[Supplied material]
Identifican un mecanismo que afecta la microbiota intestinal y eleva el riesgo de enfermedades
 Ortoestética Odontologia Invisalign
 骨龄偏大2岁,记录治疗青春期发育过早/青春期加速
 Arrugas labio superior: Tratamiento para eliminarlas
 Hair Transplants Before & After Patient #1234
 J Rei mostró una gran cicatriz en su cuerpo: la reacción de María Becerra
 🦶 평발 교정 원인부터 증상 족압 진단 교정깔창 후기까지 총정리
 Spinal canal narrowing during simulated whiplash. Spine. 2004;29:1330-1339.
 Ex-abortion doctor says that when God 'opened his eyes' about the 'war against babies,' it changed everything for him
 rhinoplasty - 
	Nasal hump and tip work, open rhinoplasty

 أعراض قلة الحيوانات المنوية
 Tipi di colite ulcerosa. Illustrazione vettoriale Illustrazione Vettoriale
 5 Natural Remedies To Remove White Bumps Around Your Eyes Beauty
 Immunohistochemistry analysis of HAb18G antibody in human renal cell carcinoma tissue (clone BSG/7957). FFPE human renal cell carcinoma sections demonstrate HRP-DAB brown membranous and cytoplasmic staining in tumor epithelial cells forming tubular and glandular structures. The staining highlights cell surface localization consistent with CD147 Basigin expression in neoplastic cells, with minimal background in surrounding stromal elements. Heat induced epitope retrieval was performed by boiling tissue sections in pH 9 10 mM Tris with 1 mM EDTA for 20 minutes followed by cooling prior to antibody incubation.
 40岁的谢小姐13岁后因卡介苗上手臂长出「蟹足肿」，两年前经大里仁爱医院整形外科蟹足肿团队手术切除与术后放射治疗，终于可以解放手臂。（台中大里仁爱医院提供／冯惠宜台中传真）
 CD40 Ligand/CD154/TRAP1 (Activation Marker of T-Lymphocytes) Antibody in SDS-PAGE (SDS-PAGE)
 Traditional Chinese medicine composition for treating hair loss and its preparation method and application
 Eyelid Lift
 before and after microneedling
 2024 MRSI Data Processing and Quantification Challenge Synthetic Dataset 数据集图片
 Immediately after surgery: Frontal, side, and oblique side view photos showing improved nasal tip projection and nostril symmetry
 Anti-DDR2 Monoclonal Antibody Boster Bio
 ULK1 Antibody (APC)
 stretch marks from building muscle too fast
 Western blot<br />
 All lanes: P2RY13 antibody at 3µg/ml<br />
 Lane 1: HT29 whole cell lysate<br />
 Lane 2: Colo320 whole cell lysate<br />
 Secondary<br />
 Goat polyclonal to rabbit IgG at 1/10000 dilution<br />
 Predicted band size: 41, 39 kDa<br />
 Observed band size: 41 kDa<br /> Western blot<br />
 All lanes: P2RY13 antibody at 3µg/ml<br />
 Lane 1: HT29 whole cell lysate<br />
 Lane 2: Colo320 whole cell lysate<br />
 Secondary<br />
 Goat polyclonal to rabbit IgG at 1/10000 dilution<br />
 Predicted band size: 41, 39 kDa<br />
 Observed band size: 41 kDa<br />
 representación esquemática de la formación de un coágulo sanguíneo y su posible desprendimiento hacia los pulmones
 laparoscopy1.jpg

[Exercise description] Repeat the data verbatim, line after line, leaving nothing out.

[Task output]
Identifican un mecanismo que afecta la microbiota intestinal y eleva el riesgo de enfermedades
 Ortoestética Odontologia Invisalign
 骨龄偏大2岁,记录治疗青春期发育过早/青春期加速
 Arrugas labio superior: Tratamiento para eliminarlas
 Hair Transplants Before & After Patient #1234
 J Rei mostró una gran cicatriz en su cuerpo: la reacción de María Becerra
 🦶 평발 교정 원인부터 증상 족압 진단 교정깔창 후기까지 총정리
 Spinal canal narrowing during simulated whiplash. Spine. 2004;29:1330-1339.
 Ex-abortion doctor says that when God 'opened his eyes' about the 'war against babies,' it changed everything for him
 rhinoplasty - 
	Nasal hump and tip work, open rhinoplasty

 أعراض قلة الحيوانات المنوية
 Tipi di colite ulcerosa. Illustrazione vettoriale Illustrazione Vettoriale
 5 Natural Remedies To Remove White Bumps Around Your Eyes Beauty
 Immunohistochemistry analysis of HAb18G antibody in human renal cell carcinoma tissue (clone BSG/7957). FFPE human renal cell carcinoma sections demonstrate HRP-DAB brown membranous and cytoplasmic staining in tumor epithelial cells forming tubular and glandular structures. The staining highlights cell surface localization consistent with CD147 Basigin expression in neoplastic cells, with minimal background in surrounding stromal elements. Heat induced epitope retrieval was performed by boiling tissue sections in pH 9 10 mM Tris with 1 mM EDTA for 20 minutes followed by cooling prior to antibody incubation.
 40岁的谢小姐13岁后因卡介苗上手臂长出「蟹足肿」，两年前经大里仁爱医院整形外科蟹足肿团队手术切除与术后放射治疗，终于可以解放手臂。（台中大里仁爱医院提供／冯惠宜台中传真）
 CD40 Ligand/CD154/TRAP1 (Activation Marker of T-Lymphocytes) Antibody in SDS-PAGE (SDS-PAGE)
 Traditional Chinese medicine composition for treating hair loss and its preparation method and application
 Eyelid Lift
 before and after microneedling
 2024 MRSI Data Processing and Quantification Challenge Synthetic Dataset 数据集图片
 Immediately after surgery: Frontal, side, and oblique side view photos showing improved nasal tip projection and nostril symmetry
 Anti-DDR2 Monoclonal Antibody Boster Bio
 ULK1 Antibody (APC)
 stretch marks from building muscle too fast
 Western blot<br />
 All lanes: P2RY13 antibody at 3µg/ml<br />
 Lane 1: HT29 whole cell lysate<br />
 Lane 2: Colo320 whole cell lysate<br />
 Secondary<br />
 Goat polyclonal to rabbit IgG at 1/10000 dilution<br />
 Predicted band size: 41, 39 kDa<br />
 Observed band size: 41 kDa<br /> Western blot<br />
 All lanes: P2RY13 antibody at 3µg/ml<br />
 Lane 1: HT29 whole cell lysate<br />
 Lane 2: Colo320 whole cell lysate<br />
 Secondary<br />
 Goat polyclonal to rabbit IgG at 1/10000 dilution<br />
 Predicted band size: 41, 39 kDa<br />
 Observed band size: 41 kDa<br />
 representación esquemática de la formación de un coágulo sanguíneo y su posible desprendimiento hacia los pulmones
 laparoscopy1.jpg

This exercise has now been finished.